テーマ60:子育てと宗教


※ こちらの記事では、旧ブログ『学力は全米トップ0.1%〜秘訣は幼児期の教育(2005年5月〜2007年3月)』の内容をそのまま公開しています。

考えるポイント

子どもに道徳やスピリチュアリティーをどのように教えたらいいのでしょうか?本来は毎日の生活の中で、親の行動を通じて教えていくものなのでしょうね。しかし私にしても、子どもを通じて鏡のように映し出される自分自身の姿を見てどうしたものかと毎日反省の日々・・つまり14年間試行錯誤しているのですわ。

さて、あなたは子どもにどのように、道徳やスピリチュアリティーを教えていますか?

今日は、名古屋からローカルな電車に乗って半田という、結構ひっそりとした町に行った時のお話です。

名古屋を出た後、半田にある“MOA”というグループでお話させていただきました。MOAって何だ、 でしょ? 私もそう思いました。ニューヨークの美術館MoMAなら知ってるのですが。。。しかも、“もあぁ~” じゃなくて エム・オー・エーだそうです。
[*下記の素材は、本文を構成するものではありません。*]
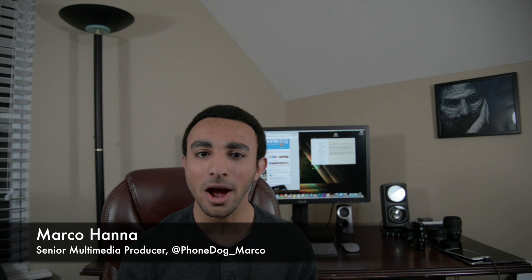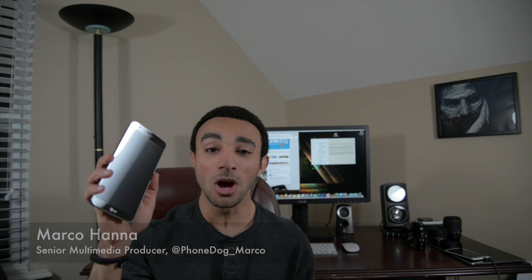What's going on everyone, it's me Marco from phonedog.com and it's day 22 of the G-Flex challenge and today's going to be a lot different from most of your 30-day challenges here at phonedog.com. Why?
茂吉の “M”、 岡田の “O”、 アソシエーションの “A” 岡田茂吉さんという「宗教法人 世界救世教 東方之光」の創設者の方の頭文字だそうです。メルマガを読んでくださっているMOAの方から名古屋から半田は近いので、半田にも来てくださいとメールをいただいた時(えっ、私が?宗教法人でお話? どうしよう・・)と
しばし考えて込んでしまいました(ほんの15秒ほど)。

でも、カトリックの教会だったらいいけど、イスラム教のモスクはダメで、ユダヤ教は受け入れるけど、仏教はどうも・・と言った秤を全く持ち合わせていない私は、呼ばれた所に甲乙つけるなど、そんな根拠も動機も全くありません。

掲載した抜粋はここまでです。